The internet I regard as a necessity, and a certain amount of roleplay is of course the stuff of life. I'd squeeze the food (especially the takeaway), if I were you.
emperor From: emperor Date: May 17th, 2007 05:41 pm (UTC) (Link)
CAB might be able to help advise on whether you could do a bit of work and not be worse off at least?

Sorry, I know ****-all about benefits.
lanfykins From: lanfykins Date: May 17th, 2007 05:49 pm (UTC) (Link)
I suspect sesquipedality has already provided herself with the best advice she can give...
emperor From: emperor Date: May 17th, 2007 05:56 pm (UTC) (Link)
Oh, bollocks, I am a moron. Sorry!
sesquipedality From: sesquipedality Date: May 17th, 2007 06:13 pm (UTC) (Link)
Gave me a laugh, anyway. ;)
markbanang From: markbanang Date: May 18th, 2007 12:55 pm (UTC) (Link)
Ah, you see if you'd only maintained a lofty aire of aloofness and said nothing we might have assumed that you were just making a clever in-joke. *8')
j4 From: j4 Date: May 17th, 2007 07:11 pm (UTC) (Link)
Given that the received wisdom with chronic fatigue is to build up one's work commitments gradually, just exactly how am I supposed to get back to work?
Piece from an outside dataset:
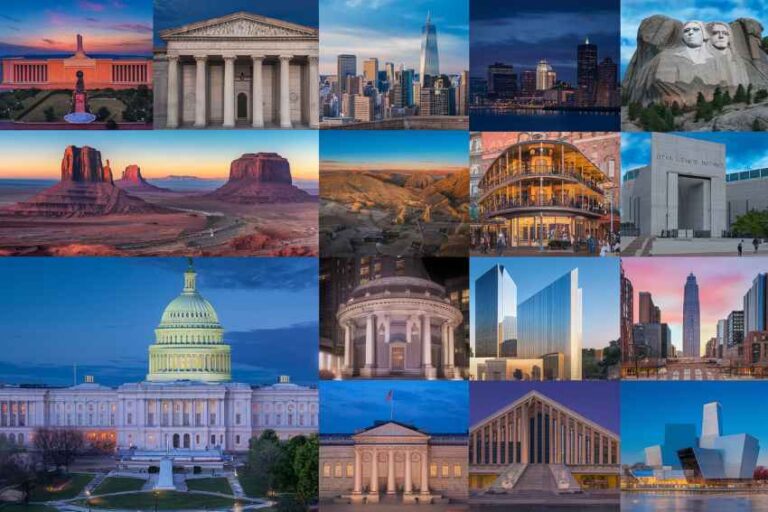 Washington Joins Philadelphia, Boston, Santa Fe, New York City, New Orleans, Nashville, Harlem, And Atlanta In Exploring Sixteen Destinations Of America’s Rich History And Landmark Locations Across The Country: From Jazz to Heritage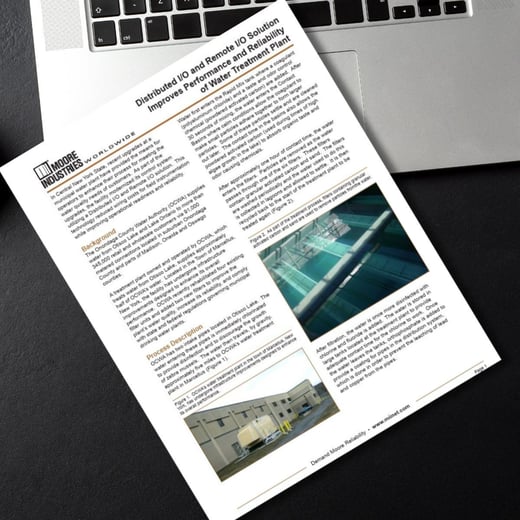 Distributed IO Water Treatment WP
I am almost certainly missing something obvious here, but ... given that you already volunteer at the CAB, I'm assuming that doing voluntary work doesn't count as "work" for the purposes of not getting benefits? Because I'm sure it would count as "build[ing] up one's work commitments gradually" for the purposes of helping you build up your strength. Could you increase your hours there (or take on another voluntary thing as well - preferably something related to the sort of work you want to go back to!) until you get to the point where you know you can work full-time, and then start looking for paid jobs?
sesquipedality From: sesquipedality Date: May 17th, 2007 09:58 pm (UTC) (Link)
You can't work more than 16 hrs/wk and still receive incapacity benefit. Theoretically I could take on a little more at the CAB, but the benefit to me would be marginal, and wouldn't make me any more employable in the eyes of potential employers, sadly.

This is, of course, the fallback plan and the one I'll probably end up going with.
imc From: imc Date: May 21st, 2007 02:06 pm (UTC) (Link)
Getting off incapacity benefit is a bitch (bopeepsheep has the same problem, although she thinks they may stop hers anyway at the next medical assessment). However, having been on IB does qualify you for a bit extra on Working Tax Credit.

If you work at least 16 but less than 30 hours per week then it appears you will get some tax credit if your salary is less than £15,900pa. However, tax credit entitlement appears to be calculated on your income during the previous tax year unless your income goes up by more than the "income disregard" figure, in which case entitlement will (eventually) be worked out on this year's income minus the disregard figure. The disregard figure used to be £2,500 but apparently now it's £25,000. So it may be that you'll qualify for up to £3,955 of tax credit pro-rated until April even if it gets reduced to zero after that.